A Local's Guide to Tackling a Whole Pig 

A South Texas Pig Roast

The oohs, the ahhs. The looks of wonder and hunger from most and inevitably disgust from some. The smartphone-wielding crowd — and there's always a crowd — happily snapping photos and videos of the reveal, the exact moment when a whole pig that's been slowly roasting for hours on end finally makes its debut.

Pig roasts, luaus, lechons ... whatever the cooking method, parties across San Antonio now center around said glistening hogs. Whether they're laid-back shindigs at Rumble where chef Pieter Sypesteyn toiled over a pig for several hours, or tiki soirees for the San Antonio Public Library Foundation catered by chef Luis Colon of Folc where he unveiled a crisp hog with immaculately broiled skin, hungry hordes congregate around these primal beasts.

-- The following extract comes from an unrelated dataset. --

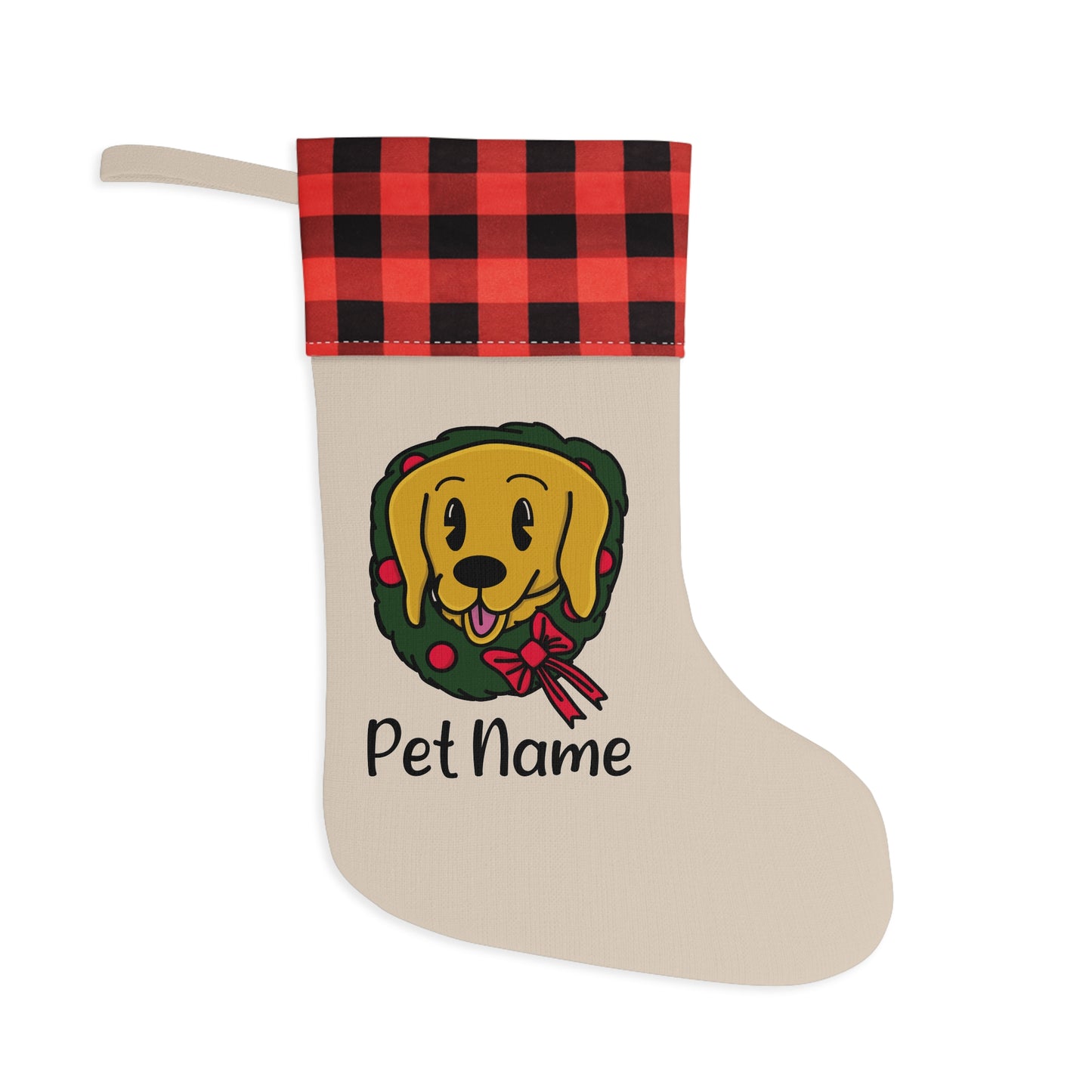 Golden Retriever Pet Personalized Name Christmas Stocking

It was only a matter of time, then, before enterprising food lovers decided to try their hands at roasting a whole pig.

This July, Aldo Mancilla, fired up his third pig in just under a year. Aptly named Jon Hamm, the hog went into a cinderblock fire pit designed by Mancilla. We documented the process and Mancilla shared his journey from smoking a few briskets overnight to delivering a perfectly roasted pig for a party of 100 guests.

The Right Tools

Mancilla, a trained architect with a forte in construction management, first accepted the challenge of cooking an entire pig as a birthday party request from his friend, Rene Lemos, last July.

"I said let me figure out what we need, I can make it happen," Mancilla says.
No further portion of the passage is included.